For those who may not know, "True Grit" is quite a famous western starring John Wayne and Kim Darby, about a young girl trying to get the man that killed her father. John Wayne plays Rooster Cogburn, an irascible US Marshal who helps her track down the killer. If you haven't seen it, you could do worse with your time, assuming you don't mind westerns.

I was astonished at how close a translation there was from book to film, in some cases carrying over significant pieces of dialogue word-for-word. Since the dialogue is generally quite good, I'm glad.

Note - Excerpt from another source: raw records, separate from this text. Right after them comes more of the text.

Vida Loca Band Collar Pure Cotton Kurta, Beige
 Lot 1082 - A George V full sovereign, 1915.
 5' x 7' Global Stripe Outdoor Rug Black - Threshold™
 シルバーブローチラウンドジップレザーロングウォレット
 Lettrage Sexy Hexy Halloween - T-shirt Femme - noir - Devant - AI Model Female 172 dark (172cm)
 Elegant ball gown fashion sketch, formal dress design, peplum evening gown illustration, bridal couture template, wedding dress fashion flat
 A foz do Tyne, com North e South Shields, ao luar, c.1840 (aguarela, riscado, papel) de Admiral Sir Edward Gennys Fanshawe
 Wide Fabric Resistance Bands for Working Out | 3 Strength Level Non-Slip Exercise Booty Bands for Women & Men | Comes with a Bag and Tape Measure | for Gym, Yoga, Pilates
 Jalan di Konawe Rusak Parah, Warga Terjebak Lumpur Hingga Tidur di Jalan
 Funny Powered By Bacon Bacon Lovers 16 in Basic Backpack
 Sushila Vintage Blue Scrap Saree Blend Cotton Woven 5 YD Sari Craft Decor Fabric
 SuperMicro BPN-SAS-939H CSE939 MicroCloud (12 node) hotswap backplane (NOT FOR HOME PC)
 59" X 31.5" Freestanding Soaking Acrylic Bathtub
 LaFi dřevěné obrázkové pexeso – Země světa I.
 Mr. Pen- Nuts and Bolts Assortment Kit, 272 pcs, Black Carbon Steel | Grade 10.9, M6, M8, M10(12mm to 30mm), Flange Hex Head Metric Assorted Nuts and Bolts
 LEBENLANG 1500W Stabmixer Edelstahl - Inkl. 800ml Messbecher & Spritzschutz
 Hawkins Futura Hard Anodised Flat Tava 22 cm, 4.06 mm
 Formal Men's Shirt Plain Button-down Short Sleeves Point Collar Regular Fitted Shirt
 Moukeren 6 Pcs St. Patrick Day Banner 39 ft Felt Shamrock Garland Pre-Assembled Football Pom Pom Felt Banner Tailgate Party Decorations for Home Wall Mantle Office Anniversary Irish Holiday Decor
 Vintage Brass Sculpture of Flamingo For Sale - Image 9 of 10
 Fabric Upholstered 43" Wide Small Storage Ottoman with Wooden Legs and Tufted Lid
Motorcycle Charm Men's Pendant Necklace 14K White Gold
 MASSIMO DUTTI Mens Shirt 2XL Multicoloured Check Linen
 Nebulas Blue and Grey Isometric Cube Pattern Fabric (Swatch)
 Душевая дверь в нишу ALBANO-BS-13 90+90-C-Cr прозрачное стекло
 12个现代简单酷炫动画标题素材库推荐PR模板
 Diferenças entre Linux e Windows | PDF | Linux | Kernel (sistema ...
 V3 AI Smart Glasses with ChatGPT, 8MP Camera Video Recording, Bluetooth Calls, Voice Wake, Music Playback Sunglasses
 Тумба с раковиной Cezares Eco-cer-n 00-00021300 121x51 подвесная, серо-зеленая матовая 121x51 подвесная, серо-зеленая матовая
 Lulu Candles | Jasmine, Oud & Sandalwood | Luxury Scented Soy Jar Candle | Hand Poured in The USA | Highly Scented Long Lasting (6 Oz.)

However, I am also struck by the character of Mattie Ross, and what a good character she is. In the film, John Wayne's Cogburn very much steals the show (and to be honest, Cogburn is a great character, and the Duke was perfect for the role). But in the book, since it is narrated first person, you get a much better look at Mattie as a character, and can be much more impressed by her (as one should be). In some ways she may come across as stubborn, or immature, or naive...but then one needs to remember that she is supposed to be 14 years old (the movie, by the way, does not make this clear). Considering her age and the time period she lived in (and the way it would be inclined to treat young girls), she actually deals with her situation with considerable maturity and competence, dealing with men like Col. Stonehouse and of course, Cogburn and LaBoef, as an equal and an adult. And what may seem like stubborness is simply something that most men take for granted: expecting to be able to do what one wants, be taken seriously, and get what you want when you're in the right.

While the book would not really pass a Bechdel test (there are in fact almost no female characters aside from Mattie), it does pass another interesting test...one could make the protagonist a male and change almost nothing in the story, and it would still be good.

I include a quote that pretty much sums up what makes Mattie a good character:

(At the end of the book, 25 years after the events of the novel, Mattie attempts to meet up with Rooster Cogburn to say hello, and finds out that he died days before they were supposed to meet. She has him buried on her family plot)

"People in Dardanelle and Russelville said, well, she hardly knew the man but it is just like a cranky old maid to do a stunt like that. I know what they said even if they would not say it to my face. People love to talk. They love to slander you if you have any substance. They say I love nothing but money and the Presbyterian church and that is why I never married. They think everybody is dying to get married. It is true that I love my church and my bank. What is wrong with that? I will tell you a secret. Those same people talk mighty nice when they come in to get a crop loan or beg a mortgage extension! I never had time to get married but it is nobody's business if I am married or not married. I care nothing for what they say. I would marry an ugly baboon if I wanted to and make him cashier. I never had time to fool with it. A woman with brains and a frank tongue and one sleeve pinned up and an invalid mother to care for is at some disadvantage, although I will say I could have had two or three untidy old men around here who had their eyes fastened on my bank. No thank you!"